# REQUIREMENT
Your answer must be an exact transcription of the data, with every picture omitted.

# SUPPLIED DATA

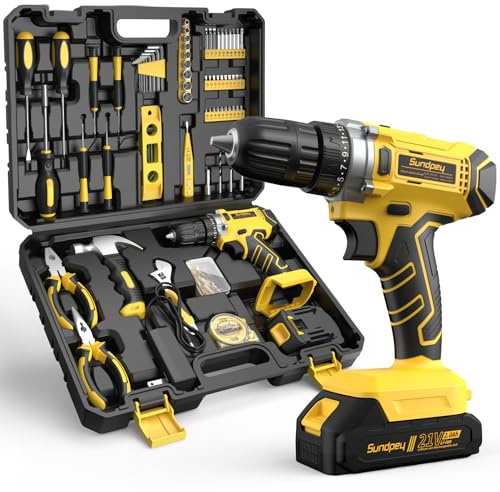 Sundpey 170-Piece Portable Basic Home Tool Kit Set with 21V Cordless Drill | Tool Box with Adjustable Wrench & Pliers & Hex Keys & Level, for Men Women, for Household House Garage Apartment Dorm Office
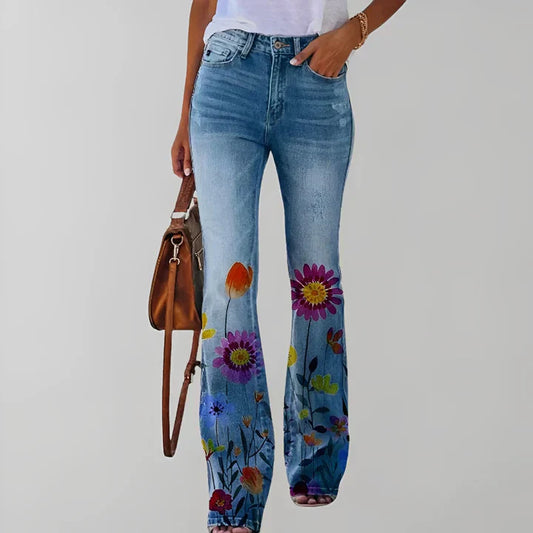 Raka jeans med blommönster -  Blondina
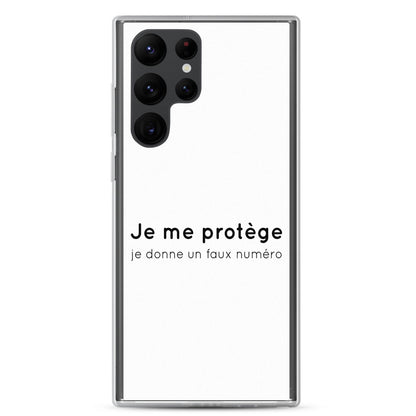 Coque Samsung Je me protège je donne un faux numéro Samsung Galaxy S22 Ultra - Sedurro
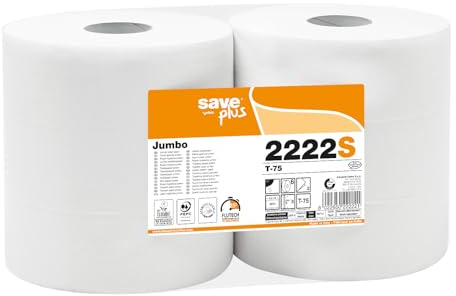 SGWEB Professional Carta Igienica Maxi Jumbo 6 Rotoli Alta Assorbenza per Bagni Pubblici e Uso Professionale Confezione da 6 Pezzi 2 veli Bianca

# ANSWER FOR THE TASK
 Sundpey 170-Piece Portable Basic Home Tool Kit Set with 21V Cordless Drill | Tool Box with Adjustable Wrench & Pliers & Hex Keys & Level, for Men Women, for Household House Garage Apartment Dorm Office
 Raka jeans med blommönster -  Blondina
 Coque Samsung Je me protège je donne un faux numéro Samsung Galaxy S22 Ultra - Sedurro
 SGWEB Professional Carta Igienica Maxi Jumbo 6 Rotoli Alta Assorbenza per Bagni Pubblici e Uso Professionale Confezione da 6 Pezzi 2 veli Bianca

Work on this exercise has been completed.